- Born: 1324
- Died: 1 October 1391
- Noble family: House of Dampierre
- Spouses: Jeanne of Hainault Catherine of Savoy-Vaud
- Father: John I, Marquis of Namur
- Mother: Marie of Artois

= William I of Namur =

Marquis of Namur

William I (1324 – 1 October 1391), also called the Rich, was Count of Namur from 1337 until his death.

== Life ==
He was the fifth son of John I, Marquis of Namur, and Marie of Artois.

Because his four elder brothers all died childless between 1333 and 1337, he still became Marquis of Namur. Because he was a minor when he became Marquis, his mother ruled as regent until he became of age.

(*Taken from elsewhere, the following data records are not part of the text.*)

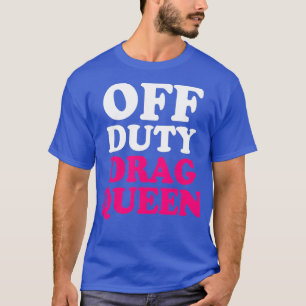 Off Duty Drag Queen Gay Rolig tröja LGBTQ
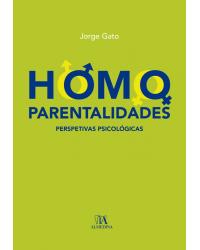 Homoparentalidades - perspetivas psicológicas - 1ª Edição | 2014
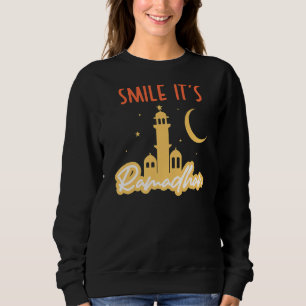 Smile Its Ramadan Muslim Eid Mubarak Islamic Rama Sweatshirt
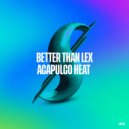 Better than Lex - Acapulco Heat (Original Mix)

William participated in the Hundred Years' War on the side of the English.
Despite this, Namur itself remained at peace, except for a revolt of the weavers in 1351.
He was defeated and taken prisoner in the Battle of Baesweiler in 1371.

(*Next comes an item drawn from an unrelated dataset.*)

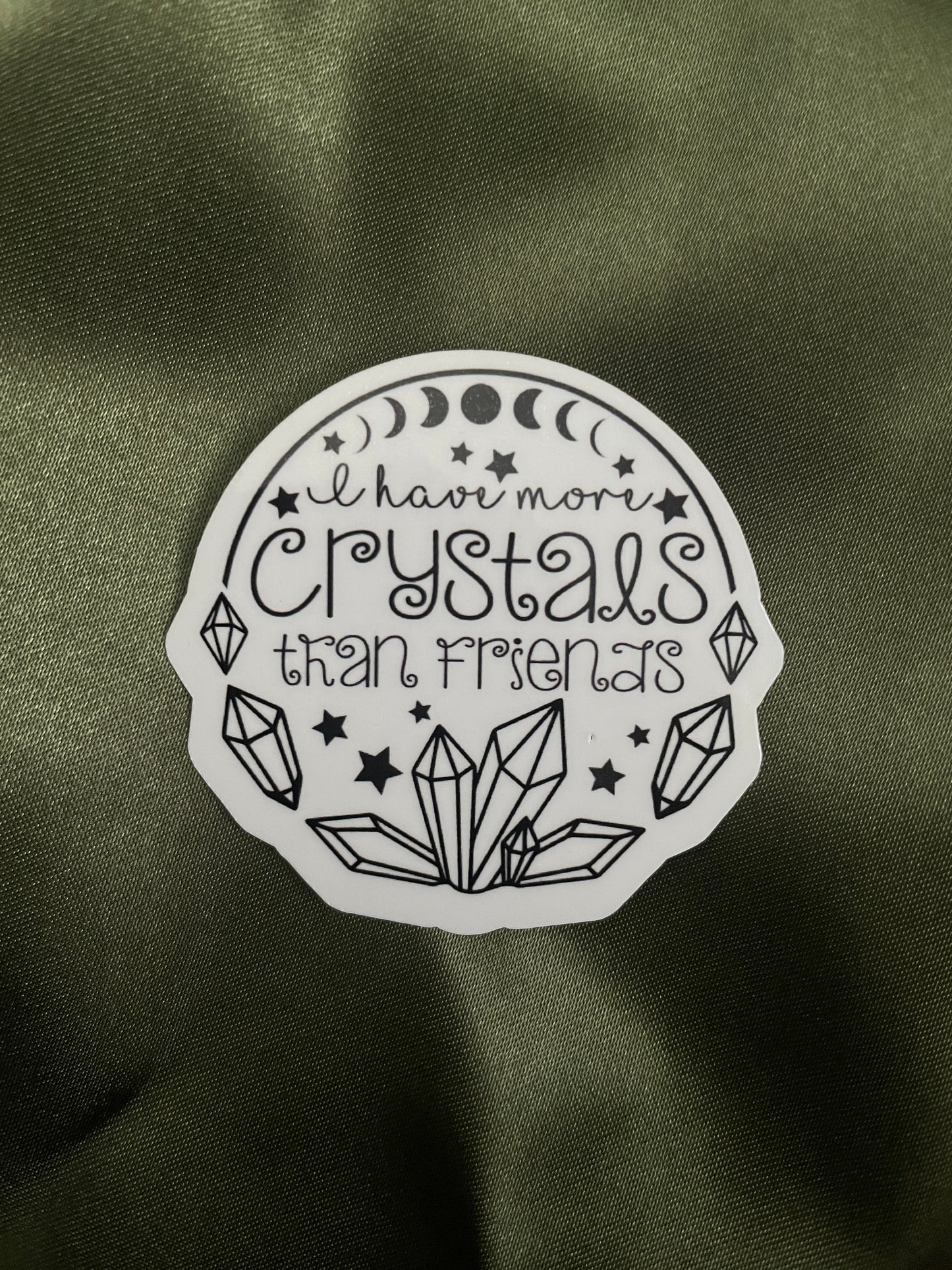 I Have More Crystals Than Friends | Sticker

Thanks to the fortune, first of his mother and then of his wife, William was able to buy several territories which enlarged the Marquisate. In 1362 he obtained from Charles IV, Holy Roman Emperor that Namur depended directly from the Holy Roman Empire and ceased to be a vassal of the County of Hainaut. He also developed the mining and forging industries, as well as commerce.

==Family==
He first married on 13 February 1348 with Jeanne of Hainault, daughter of John of Beaumont and Margaret of Soissons. Jeanne died 2 years later form the Black Death without children.

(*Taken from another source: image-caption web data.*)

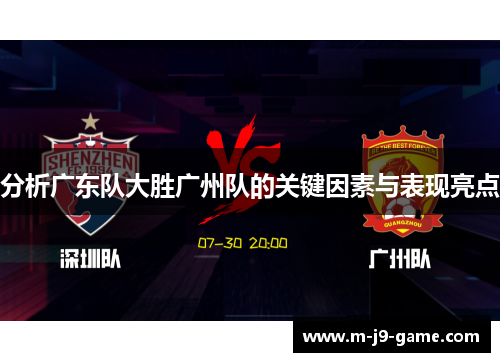 分析广东队大胜广州队的关键因素与表现亮点 分析广东队大胜广州队的关键因素与表现亮点
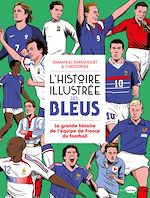 Télécharger le livre :  L'Histoire illustrée des bleus - La Grande histoire de l'équipe de France du football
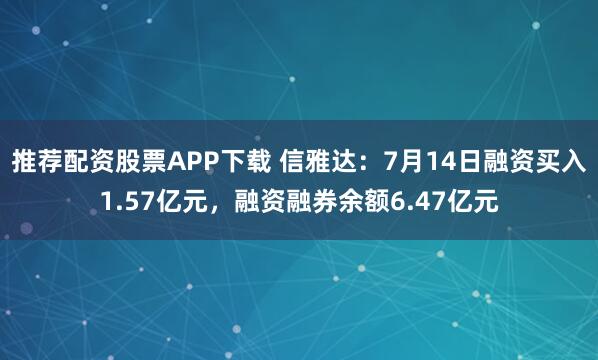 推荐配资股票APP下载 信雅达：7月14日融资买入1.57亿元，融资融券余额6.47亿元
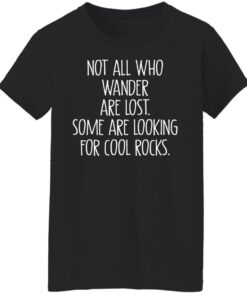 Not all who wander are lost some are looking for cool rocks shirt 8 Not all who wander are lost some are looking for cool rocks shirt 7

William remarried in March 1352 with Catherine of Savoy, daughter of Louis II of Vaud and Isabella of Châlon. They had:
- William II (1355–1418), Marquis of Namur
- John III (d. 1429), last Marquis of Namur
- Marie (d. 1412), married in 1370 Guy II de Blois-Châtillon and in 1405 Pierre de Brabant, Admiral of France.
William also had several illegitimate children.

==Sources==
- Cox, Eugene L. (1967). "The Green Count of Savoy: Amedeus VI and Transalpine Savoy in the Fourteenth-Century"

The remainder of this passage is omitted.